Representatives from 200 Westchester businesses were on hand for the May 31 ceremony, which recognized companies that used a multitude of innovative ways to save energy and help the environment. Founded two years ago as a private-public partnership between the county and the business council, the Westchester Green Business Challenge is a friendly competition designed to help all Westchester companies move toward environmental sustainability while saving money.
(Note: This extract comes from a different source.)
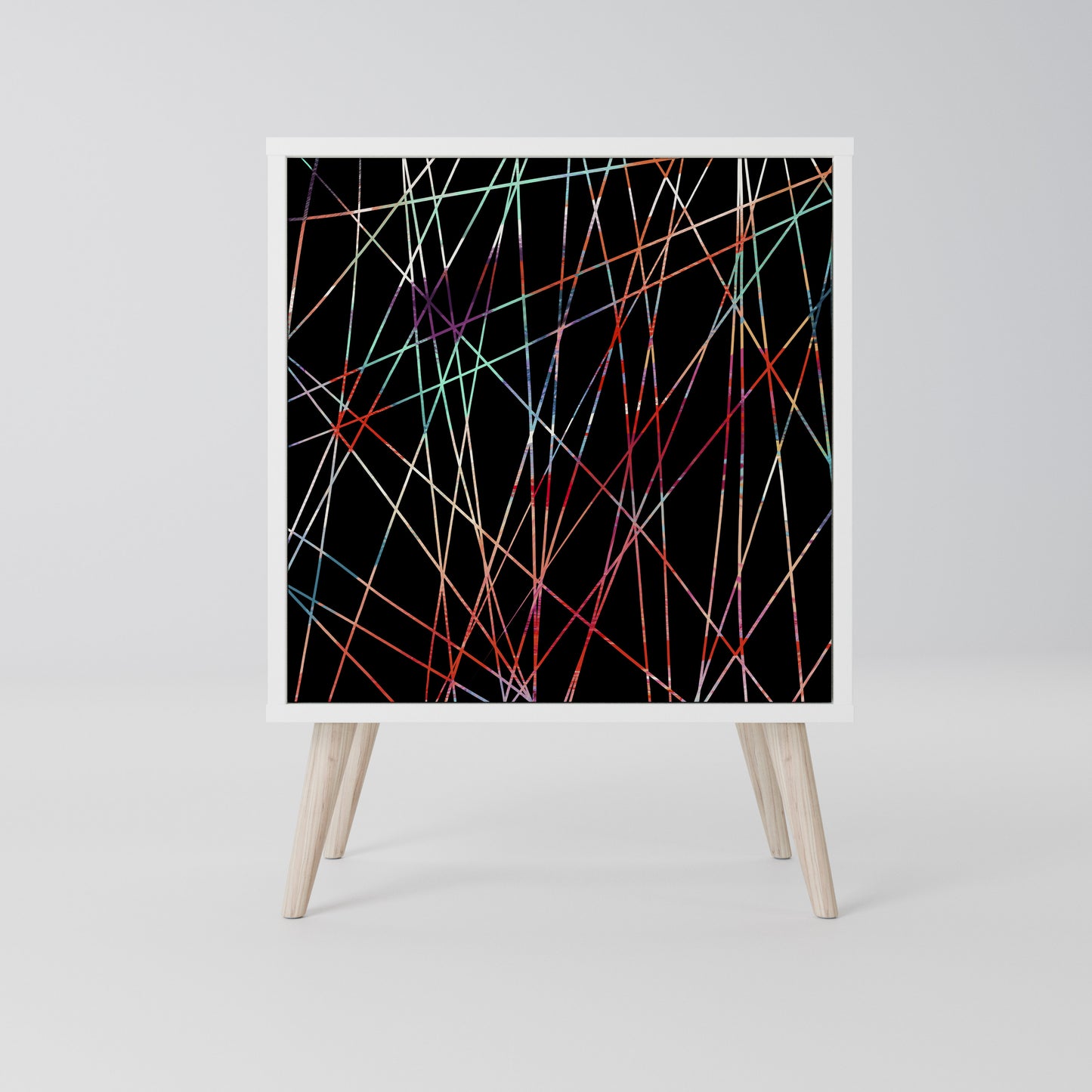 LUMINOUS SNARE Madia a 1 Anta in Finitura Bianca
The leading example of green innovation is C.W. Brown, Inc. of Armonk, which was presented the Charles W. Brown Sustainability Award in honor of its founder, who passed away last year. The general contracting company had the first LEED platinum-certified building in Westchester, and its commercial buildings obtain 90 percent of their energy from solar panels.
“The whole goal was to set out and educate people,” said Tom Mannion, who worked side by side with Brown to increase the business’s sustainability. He said they were motivated to dispel myths about energy efficiency, such as it being too costly to implement or taking too much time to change.
Following C.W. Brown’s cue, companies throughout Westchester have sought greater energy efficiency and green practices. Robert Kalmer, the corporate services and facilities manager of the Blue Book Building and Construction Network in Jefferson Valley, described the process of converting the company’s corporate buildings to LED lighting as “long, but not terrible.” He said the change produced positive results and savings for the company, including extending the practice into a new parking lot, which has LED lights with motion sensors that turn on only when the parking lot is not use.
Dragonfly Hair Studios, located in Croton-on-Hudson, earned its award for Waste Management and Green Products by incorporating original organic methods. Those methods range from using all organic hair products without toxins, e-mailing receipts, serving coffee in ceramic mugs and encouraging customers to donate half-used shampoo bottles to the Battered Women’s Foundation.
“Anything we use in our personal lives (to go green), we bring to work,” said Faith Jones, a Dragonfly representative.
She explained that the employees learn waste management practices mostly by brainstorming with each other.
Another leader and award winner was the Jacob Burns Film Center in Pleasantville, which was the winner in the Energy category. Burns Managing Director Dominick Balletta said the film center was one of the first participants in the Green Challenge. It was founder and Executive Director Stephen Apkon’s goal to be environmentally conscious, so the center’s Media Arts Lab was completed with entirely green construction, including a roof that provides the building with energy from a geothermal system. Similar to C.W. Brown, one of the goals at the lab is to combine sustainability and public environmental education.
There was also the hope that the creativity generated by the competition would inspire others to try more environmentally conscious practices.
“There are 35,000 businesses in Westchester. Imagine the impact we would have if everyone took the challenge,” Gordon said.